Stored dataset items
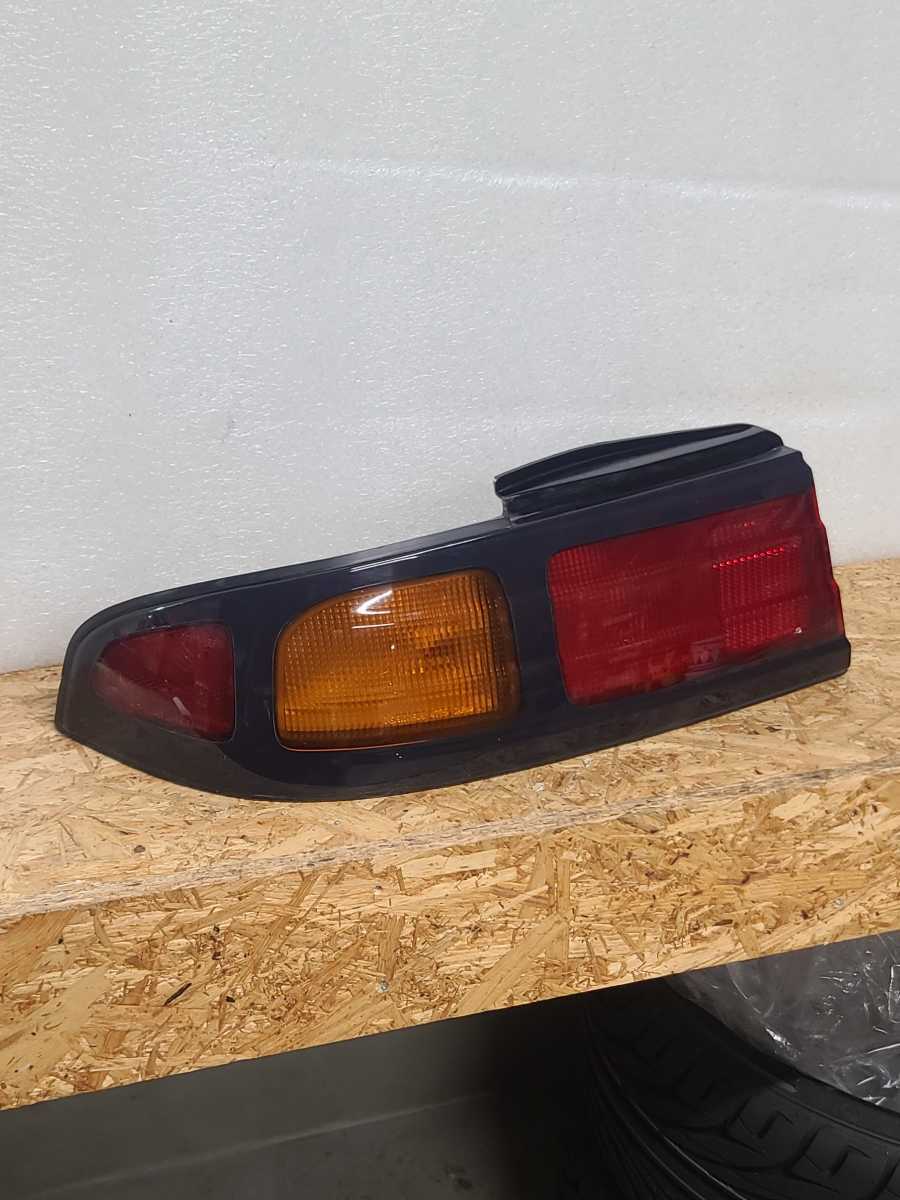 海外並行輸入正規品 【希少】S14シルビア 後期 純正テール s15 S13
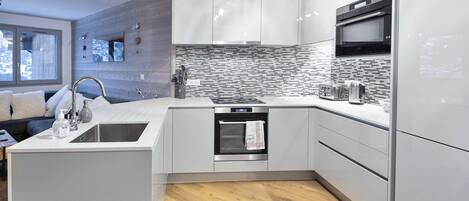 Fridge, microwave, oven, dishwasher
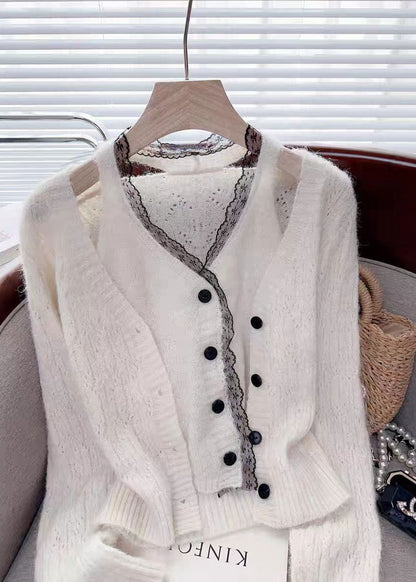 Beautifully Finished Sweater in a Timeless Design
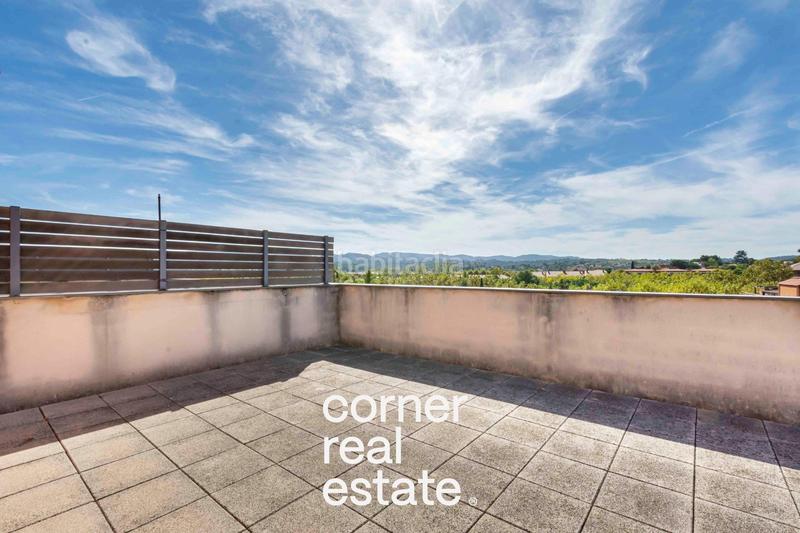 Foto 7fc65f28-c9b1-49b5-8208-3add2184d633. Rent penthouse with heating parking pool in Parc Central Sant Cugat del Vallès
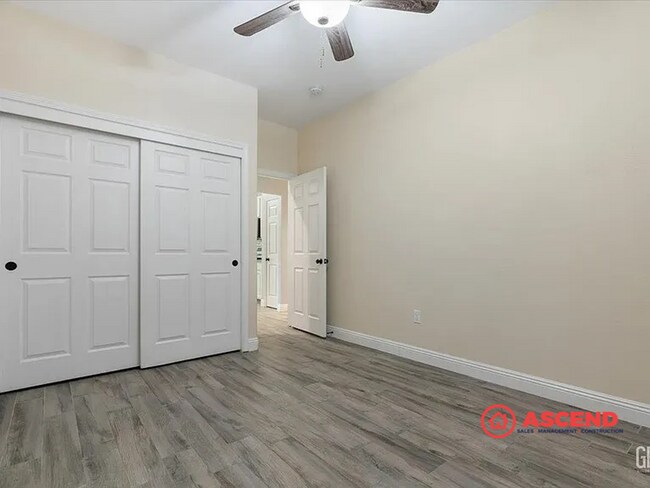 Building Photo - Stunning Home Home Off Jewetta Ave and Sno...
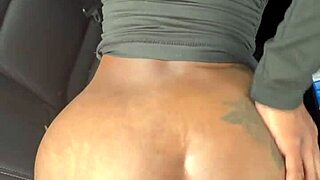Bubble ass ebony slut anal fucked bent over outdoors in car
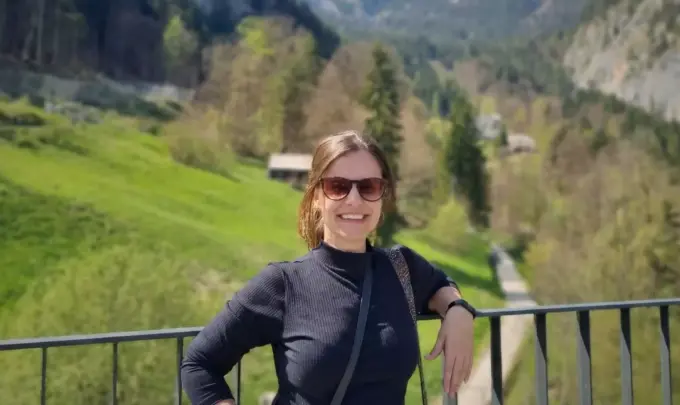 Pesquisadora Franciele Zanandrea fala entrevista sobre risco de deslizamentos. Na foto ela está em um ambiente com paisagem verde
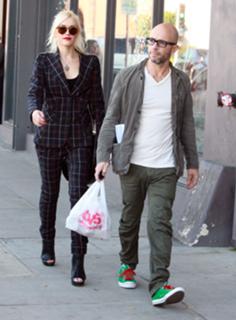 Gwen Stefani feet photo thumbnail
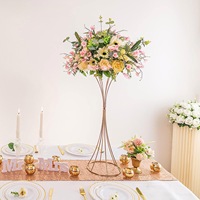 Vente directe usine : Supports floraux décoratifs pour allées, accessoires de table, vases floraux, décorations de mariage, arches de mariage en fer forgé ZSP-300568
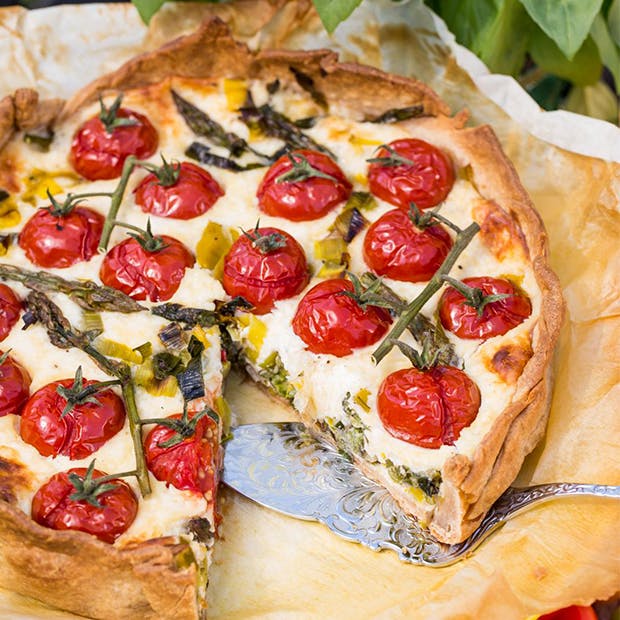 Tomattærte med asparges og purløg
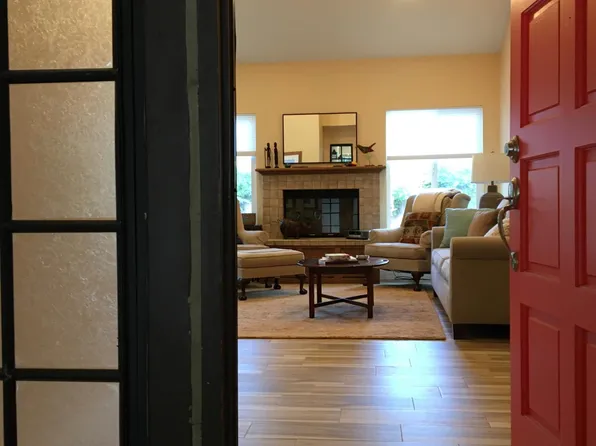 1338 Vega Way, San Luis Obispo, CA 93405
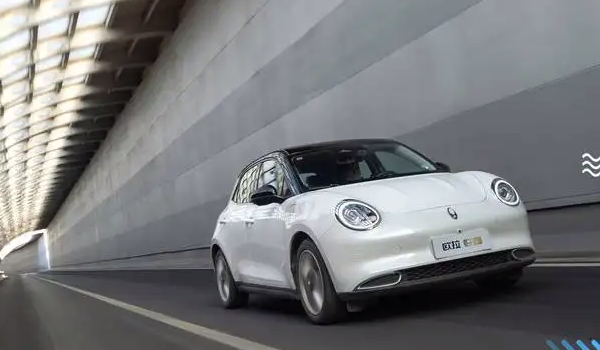 歐拉好貓2022新款電動(dòng)汽車(chē)多少錢(qián) 廠商指導(dǎo)價(jià)格12.99~17.10萬(wàn)元（9款車(chē)型）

__THE PROBLEM__. All lines from the one holding "Beautifully Finished Sweater" through the last line of the records need to be copied exactly, both ends included, and the pictures left behind.

__RESULT OF THE TASK__.
 Beautifully Finished Sweater in a Timeless Design
 Foto 7fc65f28-c9b1-49b5-8208-3add2184d633. Rent penthouse with heating parking pool in Parc Central Sant Cugat del Vallès
 Building Photo - Stunning Home Home Off Jewetta Ave and Sno...
Bubble ass ebony slut anal fucked bent over outdoors in car
 Pesquisadora Franciele Zanandrea fala entrevista sobre risco de deslizamentos. Na foto ela está em um ambiente com paisagem verde
 Gwen Stefani feet photo thumbnail
 Vente directe usine : Supports floraux décoratifs pour allées, accessoires de table, vases floraux, décorations de mariage, arches de mariage en fer forgé ZSP-300568
 Tomattærte med asparges og purløg
 1338 Vega Way, San Luis Obispo, CA 93405
 歐拉好貓2022新款電動(dòng)汽車(chē)多少錢(qián) 廠商指導(dǎo)價(jià)格12.99~17.10萬(wàn)元（9款車(chē)型）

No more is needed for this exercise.